Nepal: Current Situation


Nepal is among the poorest, least developed countries in the world. 25 per cent of the population lives on less than US $0.50 per day. (Source: UN World Food Programme) Malnutrition rates are alarming:

one in three children under 5 years is stunted from hunger. In the the mountains, poverty and stunting are much worse –  almost half the children are stunted. Child mortality rates are high, in remote mountain villages where common childhood diseases carry them away (these figures are related to poverty and low literacy rates).

Exclusion, abject poverty and hunger erupted into civil war in 1996. The killing and destruction raged for ten years; it left no one untouched. The end of the war saw what little infrastructure there had been destroyed. Since then, continued political instability, corruption, high prices, the pandemic and extreme natural disasters have pushed the country further into chaos and hunger. Massive earthquakes in 2015 killed thousands and displaced many more. In the mountains, the farmers lost everything—their homes, their tools and their livelihoods.

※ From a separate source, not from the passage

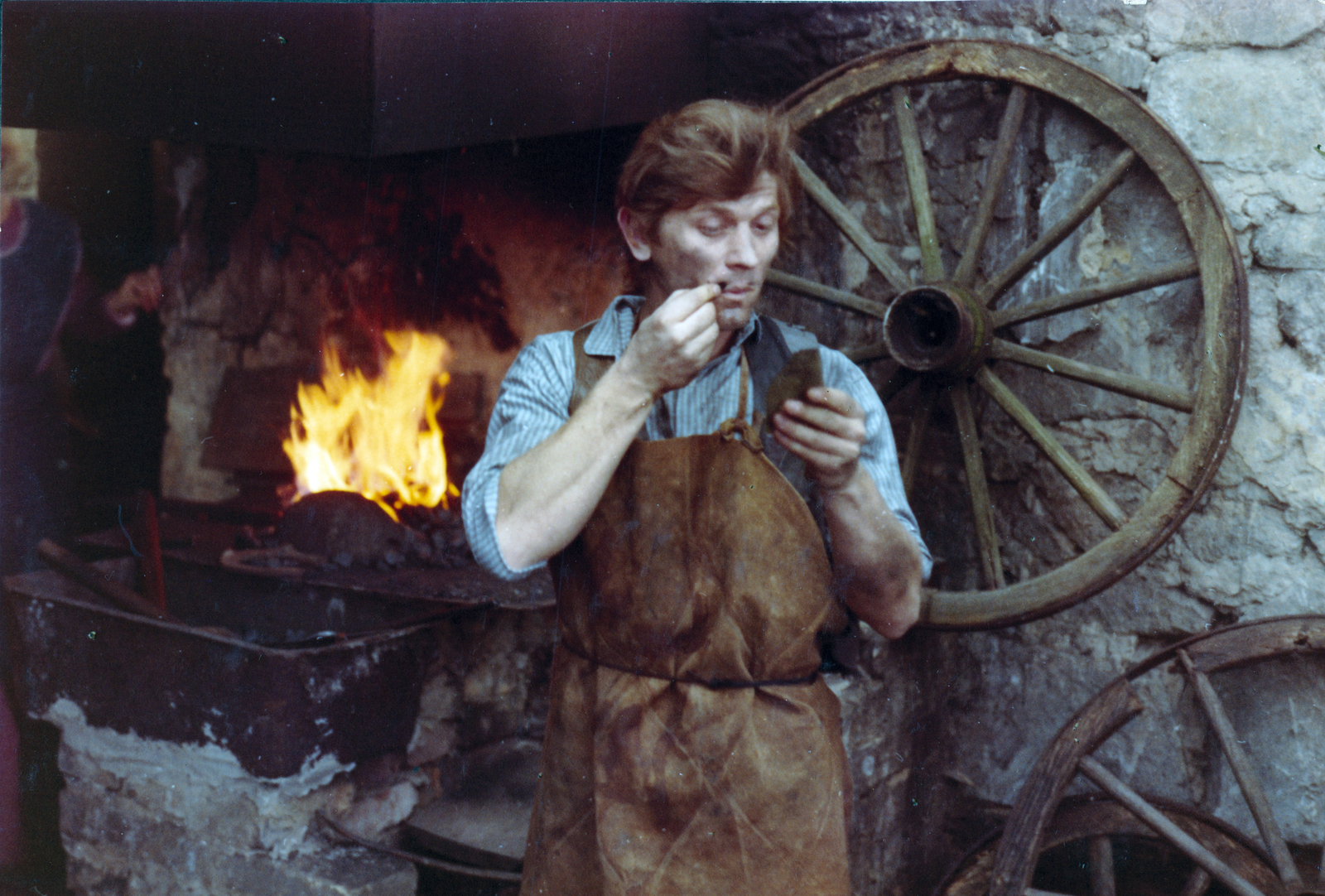 Hungary, a felvétel a Kakuk Marci című film forgatásakor készült, Harsányi Gábor színművész., 1973, Révész György, colorful, apron, actor, cooper workshop, blacksmith, wheel, Fortepan #150405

At SMD School, we survived the 2015 earthquakes without injuries, but had lost 30 per cent of our building space. We had to use the money that was meant for a new school (outside the valley/liquefaction risk) to repair and retrofit our buildings. We are now working to recoup the money we’ve lost so we can build safer accomodations.

Learn more about Nepal’s air pollution problem from The Himalayan Times.

The Kathmandu Valley is an active seismic zone – “The Kathmandu Basin is a broad valley in the foothills leading to the high Himalayas. This valley was formerly the site of a lake within which up to 600 meters of thickness of river delta and lake sediment accumulated. Compared to bedrock around and beneath the basin, seismic waves from the Gorkha earthquake caused these lake sediments to shake like Jello in a bowl.”